1-Phenyl-3-methyl-5-pyrazolone, an aromatic heterocycle and widely used dye intermediate, was selected for bioassay by the National Cancer Institute because of the increased incidence of bladder cancer observed among workers in the dye manufacturing industry.
A bioassay of 1-phenyl-3-methyl-5-pyrazolone for possible carcinogenicity was conducted using Fischer 344 rats and B6C3F1 mice. 1-Phenyl-3-methyl-5-pyrazolone was administered in the feed, at either of two concentrations, to groups of 49 or 50 male and 50 female animals of each species. The high and low concentrations of 1-phenyl-3-methyl-5-pyrazolone utilized were, respectively, 5,000 and 2,500 ppm for rats and 15,000 and 7,500 ppm for mice. Twenty animals of each species and sex were placed on test as controls. After a 103-week period of chemical administration, there was an additional observation period of 2 weeks for rats. A 102-week period of chemical administration was followed by an additional 2-week observation period for mice.

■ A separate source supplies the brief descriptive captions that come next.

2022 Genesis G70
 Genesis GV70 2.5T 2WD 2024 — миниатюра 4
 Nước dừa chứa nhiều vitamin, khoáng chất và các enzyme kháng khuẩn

In both species adequate numbers of animals survived sufficiently long to be at risk from late-developing tumors. Compound-related mean body weight depression was observed in mice, but not in rats. In addition, no significant accelerated mortality or other signs of toxicity were associated with the dietary administration of 1-phenyl-3-methyl-5-pyrazolone to rats; therefore, it is possible that the compound was not administered to rats at the maximum tolerated concentration.
There were no tumors in either sex of rats or mice for which a significant positive association could be established between chemical administration and incidence.
Under the conditions of this bioassay, there was no evidence for the carcinogenicity of 1-phenyl-3-methyl-5-pyrazolone to Fischer 344 rats or B6C3F1 mice.